Spätestens mit dem sehr optimistischen 15… Le4 (wo bleibt die schwarze Entwicklung?) scheint mir unser »Benjamin« den Bogen jedoch zu überspannen. Besser geschah hier 15… Sd5, wenn sich der Schwarze auch nach 16. De1 und baldigem f5 mit einiger Initiative konfrontiert sieht.
Jedenfalls konnte Weiß taktisch mit 16. Se6:! fe6: 17. Se4: Sc4: 18. Lc5: +- bereits beachtlichen Vorteil erlangen.
Die nächste gute Gelegenheit ließ Weiß nach 20… Se6 verstreichen: Hier hätte das sofortige 21. Sd6+ Ld6: 22. ed6: Tb8 23. Ta5 bzw. 22… f6?! 23. d7+ Ke7 24. Lb6 zu einer freudlosen Situation geführt. Eine letzte Möglichkeit, noch Vorteil zu bewahren, ließ Weiß schließlich mit 28. (29.) Te4 vorübergehen: Falls darauf Tc6 geschieht, gewinnt das trickreiche 29. Lc7! Sc7: 30. Te7+ Kc8 31. d7+. Besser geschieht daher 28… Tbb8 29. b4 Tc6 30. Lc5 +=/+-. Nach 29… Tc6 trudelt dagegen die Partie bereits in den Remishafen ein.
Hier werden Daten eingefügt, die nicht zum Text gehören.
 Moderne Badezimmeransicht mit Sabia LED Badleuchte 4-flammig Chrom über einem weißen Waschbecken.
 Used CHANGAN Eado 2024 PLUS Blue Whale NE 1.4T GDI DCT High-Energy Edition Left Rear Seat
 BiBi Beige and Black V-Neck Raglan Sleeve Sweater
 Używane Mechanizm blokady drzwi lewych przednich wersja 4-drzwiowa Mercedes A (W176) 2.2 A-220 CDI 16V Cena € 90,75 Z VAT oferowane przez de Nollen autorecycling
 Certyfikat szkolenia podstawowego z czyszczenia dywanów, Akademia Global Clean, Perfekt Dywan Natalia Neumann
Zur Überraschung vieler wählte Peter Svidler (2727) gegen Predrag Nikolics Französisch das gediegene 3. Sd2. Sein Zug 9. Te1 ist eine offensichtliche Verbesserung einer Partie Jens gegen Nikolic aus dem Jahre 2005. Im weiteren Verlauf paßt nach 10… Sd5: jedenfalls die Einschaltung der Züge a3 und a5 sehr gut ins weiße Konzept. Die Stellung nach 12. c4 dürfte für Schwarz bereits unangenehm zu spielen sein. Vielleicht kam aber das »unmenschliche«, positionell häßliche 13… Se4: 14. Le4: f5 15. Lc6: bc6: 16. Lf4 Db6 17. Tad1 c5 += in Frage, um der Partie noch einmal eine neue Richtung zu geben. Wahrscheinlich hätte Weiß diese Möglichkeit besser mit 13. Sc3 eliminieren sollen.
Der Zug 18… Se5 zeigt, wie groß die Probleme des Schwarzen, die aus Schwächen auf beiden Flügeln resultieren, bereits sind. Nach 23. Te3 ist die Partie dann endgültig gelaufen.
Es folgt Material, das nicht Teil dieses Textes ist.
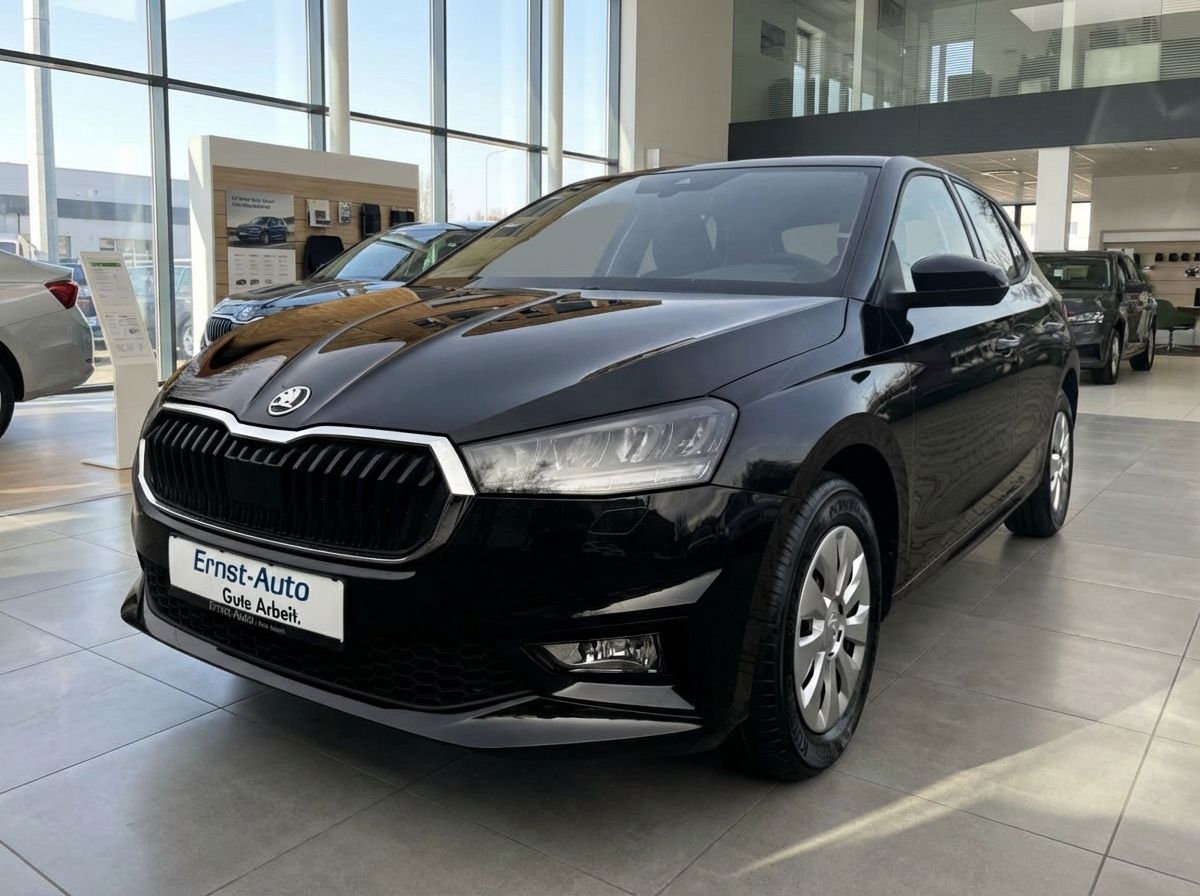 Schwarzer Škoda Fabia Hatchback im Autohaus Ernst-Auto Ausstellungsraum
Sergey Movsesian (2732) wählt gegen Alexander Naumann in der Russischen Verteidigung den populärer gewordenen Aufbau mit 3. d4 und 5. de5: (vgl. auch die Partie Berndt gegen Ernst an früherer Stelle). Mit 11. Tb1 weicht Weiß wiederum von einer Partie Naumann gegen Teske (2007) ab! Der Zug Tb1 ist an dieser Stelle nicht zwingend erforderlich. Was lief im Mittelspiel falsch? Ich denke, Ursache der späteren schwarzen Probleme ist der Randspringer auf a5. Daher liegt es nahe, 13… Sa5 durch Kb8 zu ersetzen und die schwarze Stellung scheint in Ordnung zu sein.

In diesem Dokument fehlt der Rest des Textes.